I was just trying to make what had obviously happened even more clear. (Lady Carrados in Margery Allingham's Coroner's Pidgin tries to explain why she swapped poison bottles and moved the corpse.)
Stephen Knight explains his approach to Great Expectations: When I was asked to adapt the book I didn't take it as an invitation to climb the mountain, but simply to do my own sketch of it... This is more like a dream about a book, a way of using the timeless characters to explore timeless themes. (Such as gay orgies and opium dens...)
The director of Wild Mountain Thyme suggests people around the world wouldn't understand realistic Irish accents. (2020)
“We’re not slavish to history,” say the makers of a series about Catherine the Great. “I don’t think the real Peter ever consummated the marriage. But that’s not good TV.” (History relates that it took him 14 years.)
The costume designer for The Great Gatsby “did a lot of research” on 20s clothes but thought they were “frumpy”, so picked and chose from 20s and 30s styles and modified them to make them tighter. (No costume designer can ever quite bear to make actresses wear cloche hats in the proper way – pulled right down to the nose. See above.)
The show’s screenwriter, Alex Cary, said he had used artistic licence because in espionage “you never quite know what the truth is, and I took that as a licence to tell a greater truth”. (Daily Telegraph, 2022, on a new film about Kim Philby. He’s winched in a working-class female character who didn’t exist, following a trend, says the Telegraph. She's married to a black doctor and all scenes take place in inspissated gloom because it was awfully dark in the olden days, you know.)
I had to find a voice for the Queen: I didn’t want to do an impression or turn her into a caricature. (Clare Foy, paraphrase. The Crown's costume designer explained how she did a lot of research but the clothes were “reimagined from my research” and weren’t a copy of something historic. OK, so she turned herself into a 50s dress designer, but surely in a historical drama we want an accurate reproduction of everything?)
Meryl Streep is the mistress of accents, but she had trouble trying to force herself to pronounce “half” like an English speaker – it kept coming out as “haaaaaaaaaaf” instead of “harf”.
The Dig: Key theme from Basil Brown: "The past - it speaks to us". Oh, it has to be about US, not the Anglo-Saxons. People in the present Learning Lessons. The preachy bit. We found some amazing Anglo-Saxon art and Now We Are Better People For It. (@TimONeill007. Apparently the film shows people discovering that the Dark Ages were not so dark after all, plus a lot of marital strife, tremulous romance and cross-class friendship.)

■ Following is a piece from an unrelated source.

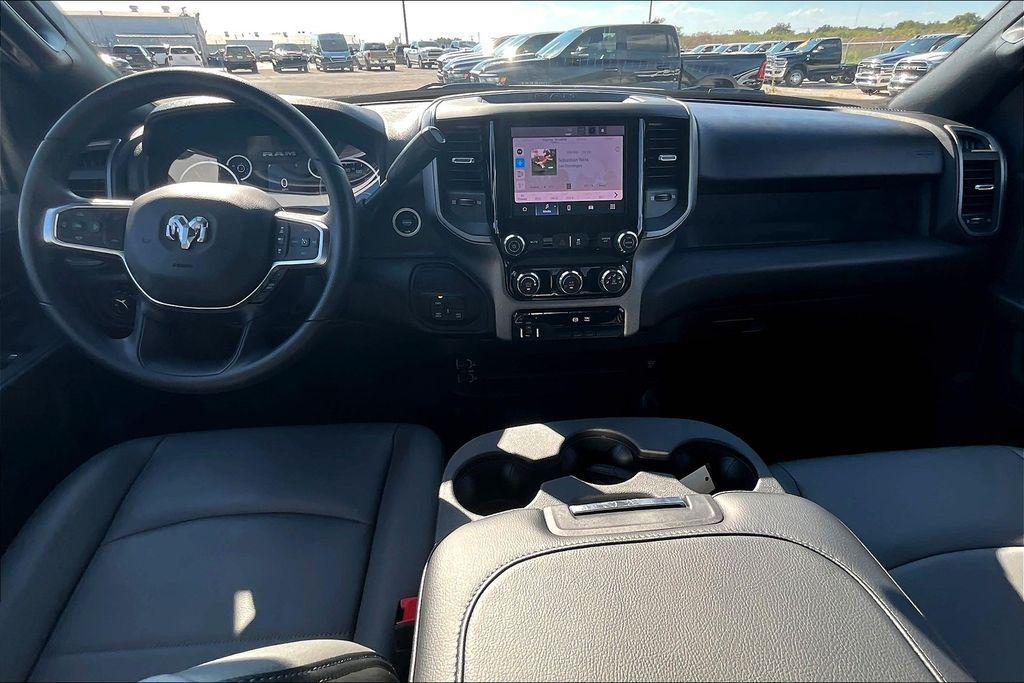 new 2026 Ram 3500 car, priced at $72,745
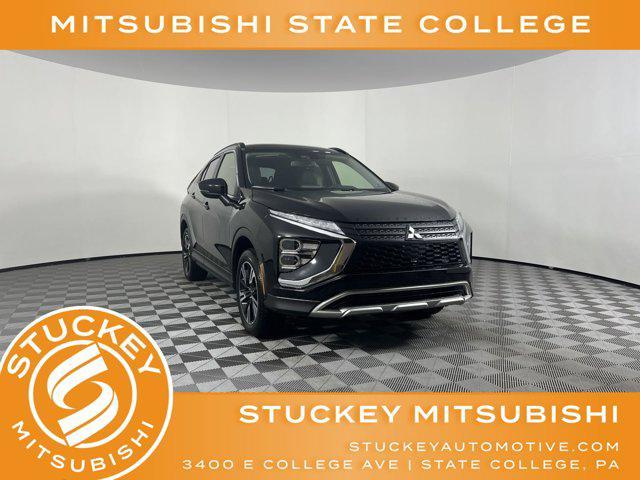 new 2025 Mitsubishi Eclipse Cross car, priced at $31,610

I call this the Titanic Complex. There is a very dramatic real bit of history going on but the film makers think they need to make it more interesting by adding extra drama, like a couple having marital problems, affairs, etc... Blablabla wedding ending, oh drama, pretty young things finding love, handsome chap in uniform, blablabla... some hanky panky... who on earth thought this story needed any of that completely made-up nonsense? (@fakehistoryhunt)

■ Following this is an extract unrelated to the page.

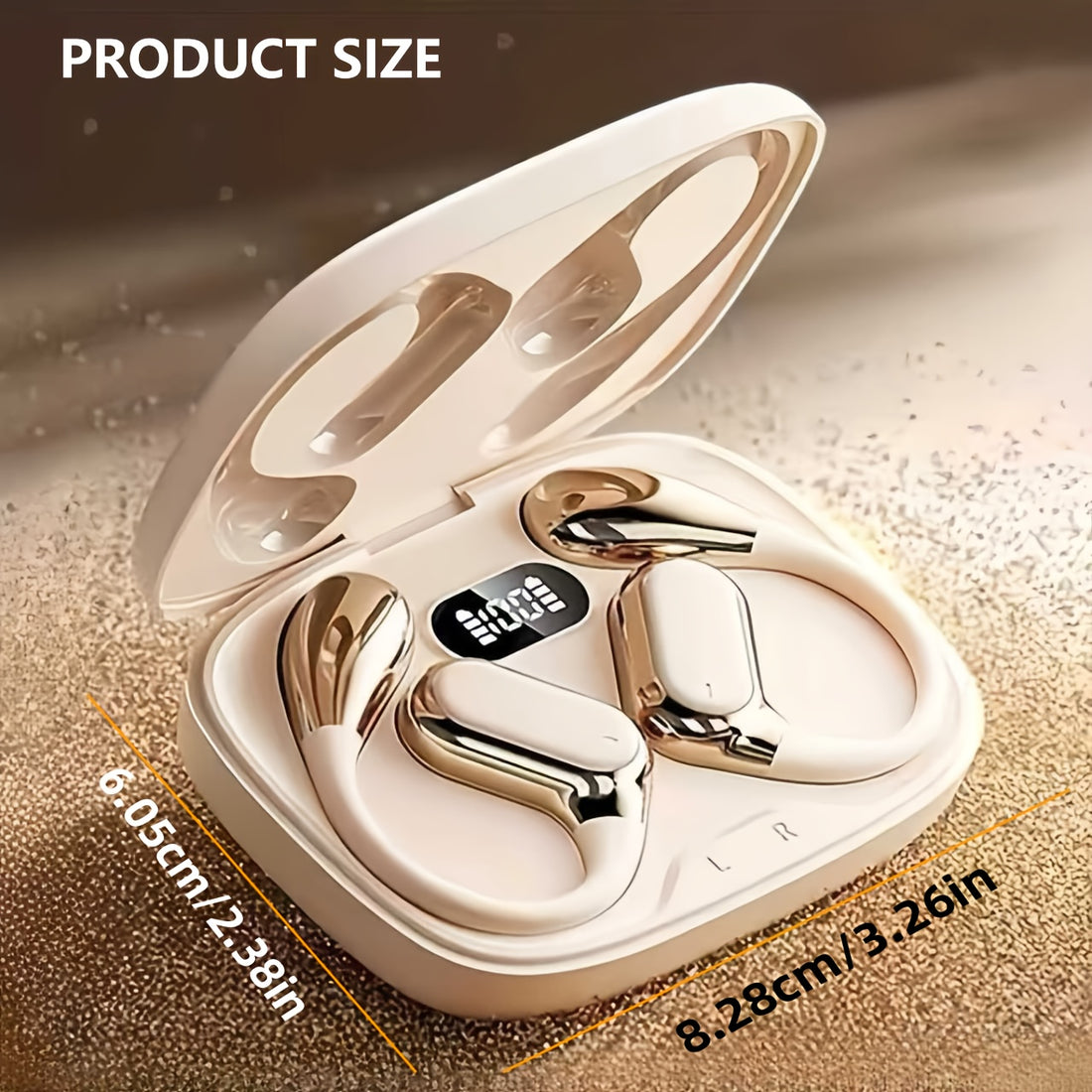 new new style true wireless ear earbuds music non in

At the end the director states, after I thought I was watching a movie that was historically accurate, that he had changed several characters and other aspects to make them more contemporary (meaning: what he thinks the way things ought to have been 100+ years ago, vs reality) re: gender, sexual preference, racial matters, etc. As such, the movie to a degree is fiction; a lie. Which is sad, as it detracts from the ground-breaking path that Colette lived. (kjr03215 on the film Colette, imdb)
I recently learned that no historical drama - not even the ones that put real effort into accuracy - ever gets courtly male clothing quite right for certain time periods, because the things they actually wore look SO ridiculous to modern eyes that it would change the whole story. (Abi Brown via Facebook. Another designer explained she couldn't use authentic male dress of the period because it looked too modern.)

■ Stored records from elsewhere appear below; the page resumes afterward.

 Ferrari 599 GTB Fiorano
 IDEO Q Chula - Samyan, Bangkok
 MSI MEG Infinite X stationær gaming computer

Ben Macintyre in the Times (19 Nov 2023) plays cliché bingo. He calls those who complain about historical inaccuracies in The Crown and Napoleon “pedants and purists”. (Ad hominem.) He claims that “based on a true story” films are more historically accurate than ever before. As for his own books: In each case, the screenwriter took the true story and remade it in a new art form, for a different audience, with close historical guidance. Each was faithful to the essence of the tale, context and period detail... Film-makers are not trying to reflect truth (which is impossible anyway) but rather to create a new, believable emotional reality. The Imitation Game played fast and loose with the Enigma story but led to a massive surge of interest in what really happened at Bletchley Park. (See Lourdes below, also new Agatha Christie "adaptations" that, however unfaithful and crude, "will draw in new readers" – code for "sell more books and make us more money".)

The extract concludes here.